In his office Fabio found Zach at the window, staring into the cheerless winter night.
‘Has she hurt you?’ Fabio asked.
When Zach didn’t answer, Fabio crossed the room to stand near his desk, but no closer.
‘Zach, I need to go down to the party. Randall will be speaking in a few minutes.’
‘Go then,’ Zach said without turning.
‘Are you sure you’re OK?’
Zach rounded on him, the glass Laura had thrown in his hand. That he concealed nothing was statement enough. There was pride, and contempt too, in this open display of tears.
‘I’m sorry. You know—’
‘Get out!’ Without further preamble Zach swung for the framed black-and-white photograph on the wall, a companion to his own. Glass—drinking and photo—shattered upon impact, spraying the room. ‘Unless you want to join your brother . . . ‘
‘Hey, Laura, what’re you doing out here by the pissroom?’ Tim asked, still tucking himself in. ‘Owen’s been looking everywhere for you.’
‘Me? What about you? I thought you couldn’t stand this place.’ She matched his leer while scratching himself with the only look he’d understand. ‘Not enough simus.’ Even when sober he was impervious to irony.
‘Sh, not so loud.’ He glanced round, but nobody was loitering nearby. ‘The music’s crap but being here was part of the deal. At least the food’s rad.’

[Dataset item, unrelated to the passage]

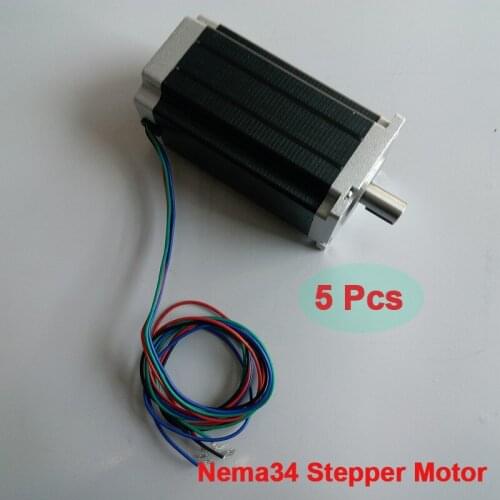 5PCS 8.5Nm Nema34 Stepper Motor 118mm Length 6A 1220Oz-in 2ph 4 Wires High Torque for CNC Router Lathe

‘You mean the lager, don’t you?’ She dipped away from his noisome, raucous laugh. ‘What deal is that?’
His ‘whisper’ could probably be heard in Randall’s penthouse suite. ‘My dad’s got me an interview. They need someone my age as a control subject for their teen rehab project. Good money.’ This time it was a belch, and her stomach clenched. ‘Three times what they pay for wanking off. You know, a sperm donation.’
Could be Tim’s dad was smarter than his son. Any rehab had to be better than none, and ‘control subject’ sounded like a splendid pretext. Tim was too dim to realise that though it wasn’t illegal to pay research subjects who were minors, Fulgur avoided the practice. ‘Child abuse’ had a nasty tendency to terminate executive careers prematurely.
‘Tell Owen I’ll be right in,’ she said.
The thought of Owen’s arm, Owen’s breath on her neck, Owen’s signature cologne, the thought of the hot sweaty half-drunken party-goers brought on another wave of nausea, and she rushed back into the toilet where she’d already spent fifteen minutes. But there was nothing left to heave up except some foamy spit, less bitter than her thoughts. She rinsed her mouth at the washbasin, then drank a little cold water. In the mirror her face looked composed: this time tears hadn’t reddened her eyes or blotched her cheeks, and she’d already redone her lashes; some fresh lipslap would be enough. She was tempted to head for the bus stop, but she’d promised to rescue Max from the children’s party after the speeches, and she was curious what Randall had to say. Fabio had hinted that it would be something important, hadn’t he?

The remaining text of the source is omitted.